# Furry dating app that would actually become as popular as Tinder/Grindr?



## Kope (Dec 29, 2021)

I feel like there’s so many furries that a dating app would have popped up one day, and be mainstream. We’ve yet to see that. So does that mean most furries are taken/don’t care?


----------



## ConorHyena (Dec 29, 2021)

The furry demographic is tiny compared to the amount of singles that are queer/straight out there. We're like... a million people internationally at most?

FA has had 1.6 million registered users in 2016 but that is no indicator who was actually active and who isn't, etc.

Besides, there is a furry dating app that is fairly mainstream -> howlr.


----------



## Kope (Dec 29, 2021)

Eh I tried that one, but found it lacking/ not enough people. A million people is more than enough for a niche app anyhow


----------



## Kope (Dec 29, 2021)

I think it’s more of a marketing issue


----------



## PLEASE DELETE ACCOUNT (Dec 30, 2021)

Kope said:


> I think it’s more of a marketing issue


Usually speaking part of the issue comes with the niche itself. It’s hard to cater to furries directly in this area. 

what Actually makes furries need a special service for online dating exactly? It’s a pretty meh hobby that’s not really going to change how dating works for the most part just because of how varied the base is, it leans male and gay and more casual… but pretty much everyone is represented in some form or another.

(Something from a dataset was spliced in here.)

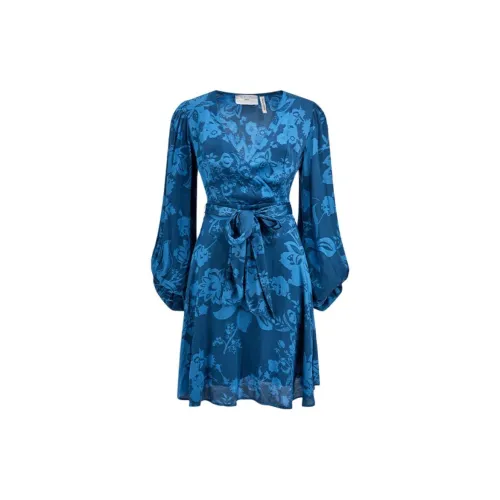 GUESS Long-Sleeved Dresses Women's G78I - Dark Blue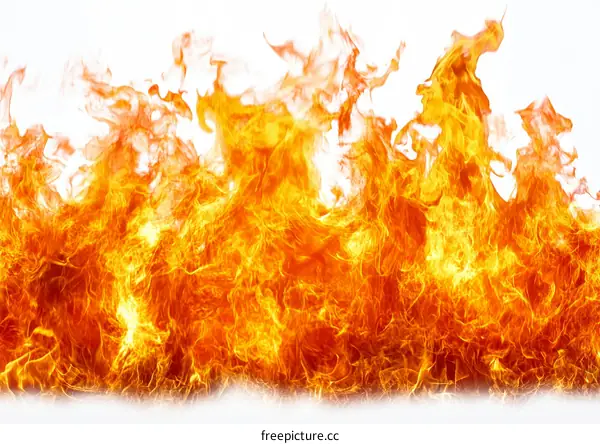 Fiery Flames Abstract Background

Specialty dating sites exist where the niche is very important to people <Christian mingle because for some reason you can’t date a non Christian, farmers only because apparently only a “farmer gets you”, blackpeoplemeet because apparently melanin content is a major concern for people>
But like wise I don’t see dating sites for say star trek fans, or Star Wars fans, or columbo fans or what have you… ( please for the love of god if these exist don’t neener neener “but actchually!” Post links to such examples…)

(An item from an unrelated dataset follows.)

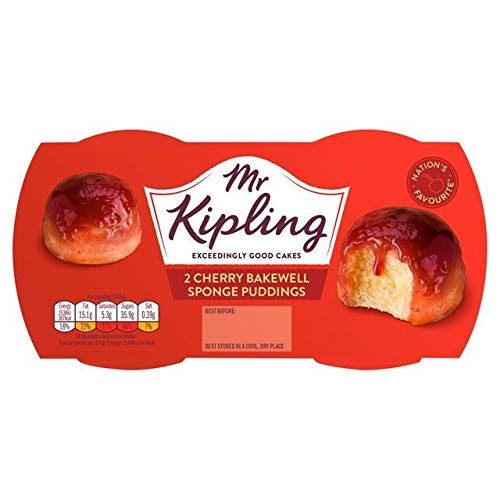 Mr Kipling Cherry Bakewell Sponge Pudding - 108g - Pack of 3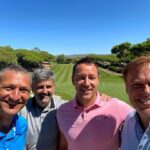 Peter Jones Instagram - Something lovely about playing golf on a Saturday especially when you win. It’s something @johnterry.26 & @stephenmiron aren’t used to experiencing. Well played partner @bob.gonzalez.96 💙🏌️💶🇵🇹🏆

Howlr is just Grindr and mostly for hookups best I can gather, not dating.

Pounced existed but again… mostly hookups and casual sex so far as I can tell.

Furzu and a few others hides almost all functions behind a very very steep paywall that runs most people away.

My long diatribe short is… there’s nothing really to cater to furries in the dating realm because there’s just no point for it.


----------



## Raever (Dec 30, 2021)

Christine Vulpes said:


> Usually speaking part of the issue comes with the niche itself. It’s hard to cater to furries directly in this area.
> 
> what Actually makes furries need a special service for online dating exactly? It’s a pretty meh hobby that’s not really going to change how dating works for the most part just because of how varied the base is, it leans male and gay and more casual… but pretty much everyone is represented in some form or another.
> 
> ...



Basically this. I think it'd be more effective to find an app that focuses on general fandoms and finding friendships within those fandoms for your local area (Amino maybe?) otherwise, it's basically pointless.


----------



## 57_Wolve (Mar 10, 2022)

Check out https://barq.social/


----------



## Kope (Mar 11, 2022)

57_Wolve said:


> Check out https://barq.social/


Think I’ll wait till it’s out of beta as I’m an alpha wolf :V


----------



## Kope (May 13, 2022)

Jimsmiths11 said:


> The bumble bee is another interpersonal organization and dating app for furries, all things considered. Whether your fursona strolls, flies or swims, whether you're searching for shaggy companions, dates or tomfoolery, whether you're youthful or old, pudgy or slight, stripes or spots — welcome home.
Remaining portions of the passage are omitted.